Paper tune is all I've ever done besides tuning the BH to the shaft. You don't have to have bare shafts to ppr tune, just make sure your hole has no tears other than the shaft and fletching, shoot from about 10' just make sure theres room for a complete passthru on the ppr. If you don't tune your broadheads to your shaft don't expect good arrow flite....WW


----------



## Rack Ranch (May 25, 2004)

Make sure you have as nice relaxed grip.. Since the shop squared you up the problem you have is generally caused by a little to much grip...good luck



blitz_81 said:


> I am in the proccess of paper tuning. my arrow is flying a little crooked. seems to be that my rest is out of alignment. its a little off to the left. had my bow shop square everything up first though beforehand.


----------



## Capt. Marcus Canales (Aug 25, 2005)

Do you have a wrist sling?

The way i shoot is hold bow in palm of hand, relax, open fingers but leave your pointer finger touching the tip of your thumb, when you squeeze, my bow falls forward... Might feel like the bow is going to fall out of your hand, but that is what the sling is for... Just make sure its loose, not tight around your wrist.

Not the best example, but i adjusted before i shot...










Sent from my mobile T&A viewer


----------



## Rack Ranch (May 25, 2004)

Oso, spread your feet a little wider apart to create a more stable base. Also drop the elbow on your shooting hand to be a little more in line with your arrow. That is if you wanna hit the 100yrd target a little more consistant..


----------



## sferg (May 26, 2004)

Once you get your bow tuned and shooting good groups try to be consistant with everything , stance, grip, anchor point and elbow height. All of this effects POI. Get someone to video you shooting you bow , then observe these areas of interest. This helps me alot when I start off a new season with inconsistant shots.


----------



## Capt. Marcus Canales (Aug 25, 2005)

Rack Ranch said:


> Oso, spread your feet a little wider apart to create a more stable base. Also drop the elbow on your shooting hand to be a little more in line with your arrow. That is if you wanna hit the 100yrd target a little more consistant..

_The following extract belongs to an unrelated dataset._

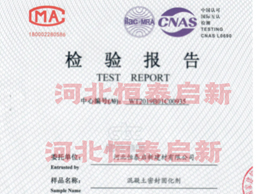 混凝土密封固化劑檢驗(yàn)報(bào)告4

I adjusted after they snapped that picture, i hate the 100 yard target, i always lose. LOL...

Need to find those pics, it was a blast, but cold getting my bullets out of the tank. 

Sent from my mobile T&A viewer


----------



## devil1824 (Sep 4, 2010)

I have a friend that missed a hog with a wooden shaft and it was bobbing up and down in a pond! We were laughing our heads off. As far as tuning, if you have everything "squared " up good from the start I've never had to do anything but paper tune. Always worked for me. Plenty of people take it a step farther though.


----------



## Weekday warrior (Feb 12, 2012)

YouTube has some good videos on tuning.


----------